Another Murphy's law which am sure has never been written down, because he told me this when we were on our way to be gloriously getting ourselves shit-faced. And he said " When you want to forget about some bitch/bastard. The radio will make sure you remember them." Anyway I was too piss drunk myself and therefore lost all implications of what he meant. But on hindsight. Like always sonofabitch makes perfect sense.
Anyway so I was feeling shittier and me decided enough is enough. Not like this was the only thing running on my head at that point of time. And not that you guys give a flying fuck but the company am working for is going under. Not that you guys know which company i work for or what exactly i do, which includes a lot downloading songs, talking with people online ( chatting ) calling up friends all over the country, raiding the fridge in my cabin pour myself the occasional drink, and light up one smoke after another.
So i decided me had enough of "working". And I decided to go back home, and also because of the fact that I had finished downloading, the season 2 of HIMYM ( How I met your mother). And while watching it, and feeling more and more shitty about the whole deal me was making about women in my life. Them being either manic depressive, weirdo, materialistic, or jus plain crazy eyes or for that matter a grinch ( you can never say the 4 letter word to a woman ) anyway. It suddenly dawned on me that all I needed to feel good about myself was to SUIT UP!. And i realized that all this getting married thing is just an epidemic.
I mean sure I would love to have one single woman whom am crazy about for the rest of life (maybe am already am) and it only depresses me further. But who the fuck am I kidding. Am not gonna find the one true love. She is gone. I may as well suit up. And feel good about myself. And hey even though me know that it is a temp solution. Am not really looking forward to find a permenant solution.
Anyway though am not complaining about women here either. But me now realise that they can't be an integral part of my life. They are the bonuses. They are not the end.
Company is going down. You don't know what to do. SUIT UP!
Girl leaving you for another guy. And you are wondering why? . You did NOT SUIT UP!. So SUIT UP!.
Girl 2-timing you with your best friend. well then hats off to the girl. She was SUITED UP!.
Wanna get laid and not bother about the girl's name. SUIT UP!

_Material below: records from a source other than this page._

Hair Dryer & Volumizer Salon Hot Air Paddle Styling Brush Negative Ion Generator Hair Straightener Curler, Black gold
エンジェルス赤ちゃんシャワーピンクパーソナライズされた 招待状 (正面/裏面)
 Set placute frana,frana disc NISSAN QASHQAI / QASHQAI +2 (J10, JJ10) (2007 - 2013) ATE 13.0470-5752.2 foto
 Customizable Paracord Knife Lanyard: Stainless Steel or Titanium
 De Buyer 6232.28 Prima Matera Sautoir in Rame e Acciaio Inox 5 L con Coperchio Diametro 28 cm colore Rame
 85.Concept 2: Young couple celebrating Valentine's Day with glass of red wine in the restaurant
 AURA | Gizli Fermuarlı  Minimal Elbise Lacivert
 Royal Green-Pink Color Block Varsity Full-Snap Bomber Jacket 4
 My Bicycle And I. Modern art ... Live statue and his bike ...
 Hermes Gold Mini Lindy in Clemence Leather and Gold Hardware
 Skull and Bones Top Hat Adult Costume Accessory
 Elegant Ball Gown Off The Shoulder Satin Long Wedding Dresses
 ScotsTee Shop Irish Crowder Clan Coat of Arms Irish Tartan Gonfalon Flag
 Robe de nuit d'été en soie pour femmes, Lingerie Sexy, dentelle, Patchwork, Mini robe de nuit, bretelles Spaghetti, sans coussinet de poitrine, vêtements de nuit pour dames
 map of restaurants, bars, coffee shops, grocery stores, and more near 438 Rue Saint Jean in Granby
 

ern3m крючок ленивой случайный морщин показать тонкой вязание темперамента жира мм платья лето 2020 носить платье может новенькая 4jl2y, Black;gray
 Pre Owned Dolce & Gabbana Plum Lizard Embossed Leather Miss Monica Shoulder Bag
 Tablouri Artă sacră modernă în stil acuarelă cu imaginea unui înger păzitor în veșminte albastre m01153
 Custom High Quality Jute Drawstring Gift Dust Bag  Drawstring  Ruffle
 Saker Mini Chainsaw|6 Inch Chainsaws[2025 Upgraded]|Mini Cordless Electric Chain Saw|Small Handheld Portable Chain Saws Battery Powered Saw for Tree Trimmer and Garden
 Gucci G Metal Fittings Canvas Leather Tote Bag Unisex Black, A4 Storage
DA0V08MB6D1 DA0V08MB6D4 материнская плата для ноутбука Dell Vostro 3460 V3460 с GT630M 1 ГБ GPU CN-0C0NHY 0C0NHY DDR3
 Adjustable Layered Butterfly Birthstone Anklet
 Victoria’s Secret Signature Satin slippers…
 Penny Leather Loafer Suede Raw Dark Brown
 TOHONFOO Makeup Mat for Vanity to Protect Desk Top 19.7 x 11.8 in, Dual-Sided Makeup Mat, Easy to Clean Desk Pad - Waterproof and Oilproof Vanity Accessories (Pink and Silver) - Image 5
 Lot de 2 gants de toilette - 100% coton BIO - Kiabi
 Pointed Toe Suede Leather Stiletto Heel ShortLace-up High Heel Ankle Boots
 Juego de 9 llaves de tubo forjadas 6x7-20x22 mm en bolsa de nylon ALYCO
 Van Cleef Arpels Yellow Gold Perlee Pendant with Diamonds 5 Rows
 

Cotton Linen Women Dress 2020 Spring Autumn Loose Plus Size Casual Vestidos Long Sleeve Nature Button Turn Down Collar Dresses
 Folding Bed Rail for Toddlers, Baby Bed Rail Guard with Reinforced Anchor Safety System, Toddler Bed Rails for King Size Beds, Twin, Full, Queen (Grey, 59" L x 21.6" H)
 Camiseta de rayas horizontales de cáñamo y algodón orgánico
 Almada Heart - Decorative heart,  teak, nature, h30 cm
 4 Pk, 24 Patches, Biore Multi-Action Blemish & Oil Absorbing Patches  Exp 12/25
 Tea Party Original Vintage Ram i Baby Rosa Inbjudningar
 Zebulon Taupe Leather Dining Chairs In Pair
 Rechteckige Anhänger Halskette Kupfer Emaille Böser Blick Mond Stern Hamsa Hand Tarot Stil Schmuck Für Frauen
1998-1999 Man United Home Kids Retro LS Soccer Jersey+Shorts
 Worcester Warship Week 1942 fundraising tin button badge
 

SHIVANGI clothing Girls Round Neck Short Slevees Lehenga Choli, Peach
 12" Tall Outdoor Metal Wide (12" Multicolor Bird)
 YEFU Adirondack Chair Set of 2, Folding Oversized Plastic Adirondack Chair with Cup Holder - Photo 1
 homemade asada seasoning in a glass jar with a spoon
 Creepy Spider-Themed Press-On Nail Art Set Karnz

Want to get respect from everybody and anybody. SUIT UP!.
Well the next time murphy and me do another round of binge drinking. Me gonna give him a DeMarco Law. " For anything and everything, SUIT UP! ".
Catch you guys later. I gotta go suit up. And get ready for another Legendary day. And don forget to carry along with you, your zippo and some smokes. Cos if you aren't suited up. You better have some smokes I can bum off you.